DATASET SECTION =>
>>>>>

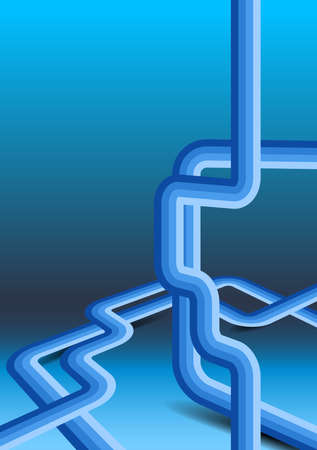 abstract blue retro background のイラスト素材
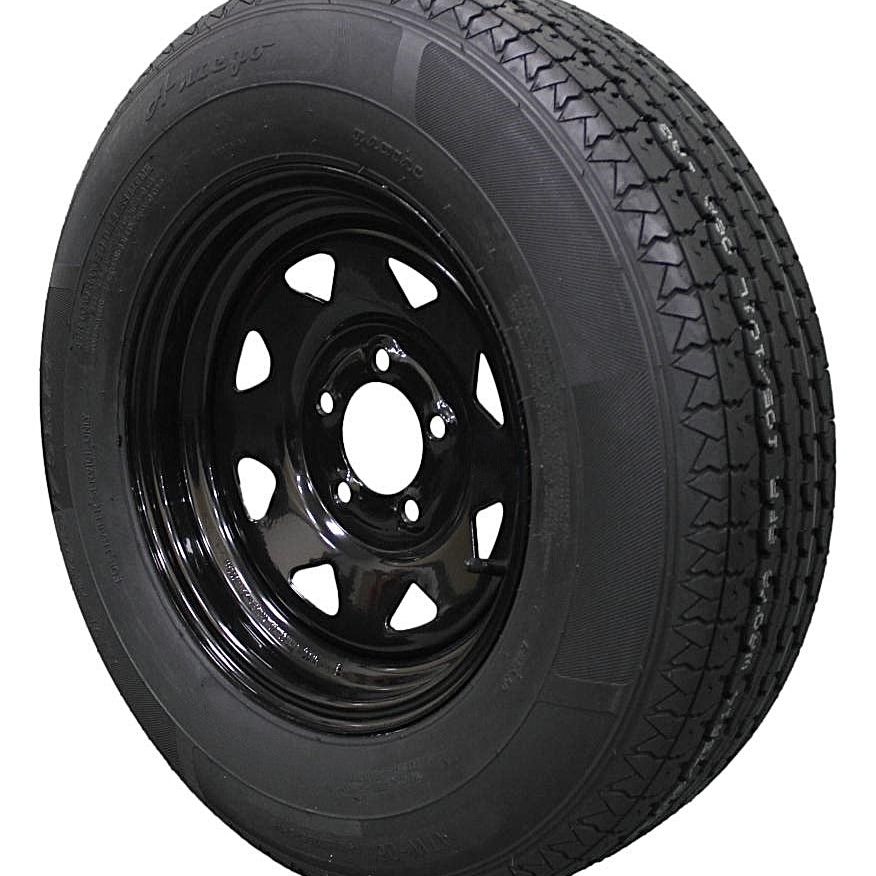 (Set of 4) Antego Tire and Wheel 205/75R14 Trailer Tire – Reinforced 8-Ply-Ply Design (2)
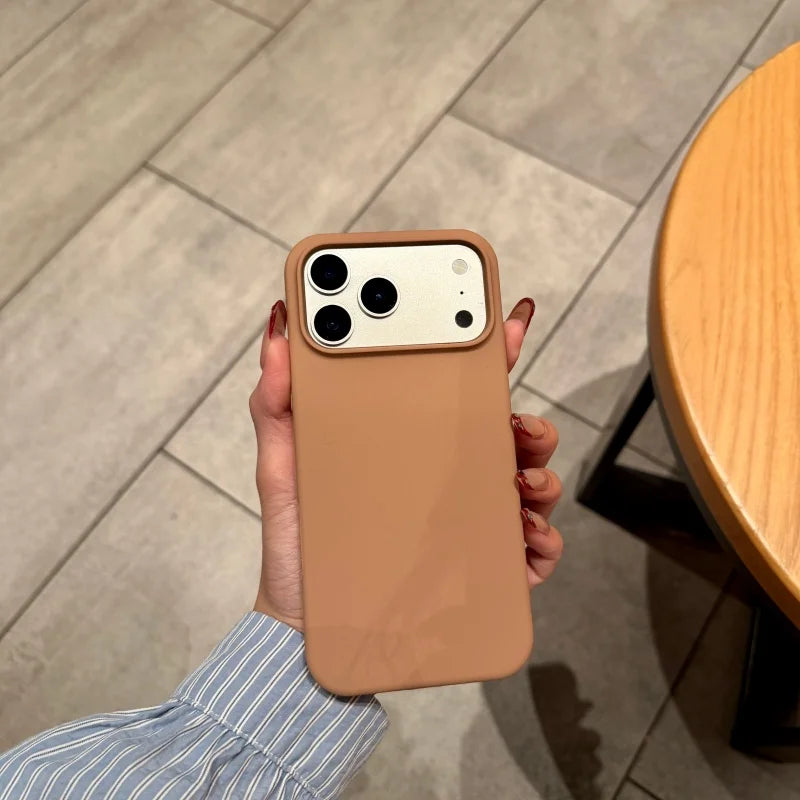 Luxury Original Silicone Case for iPhone 17 Air 16 15 14 13 12 Pro Max Plus 11 Shockproof Candy Official Liquid Soft Back Cover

<<<<<

Repeat the line containing "(Set of 4) Antego" and every line after it up to the end of the material above, exactly as they stand, minus the pictures.

EXERCISE RESULT =>
 (Set of 4) Antego Tire and Wheel 205/75R14 Trailer Tire – Reinforced 8-Ply-Ply Design (2)
 Luxury Original Silicone Case for iPhone 17 Air 16 15 14 13 12 Pro Max Plus 11 Shockproof Candy Official Liquid Soft Back Cover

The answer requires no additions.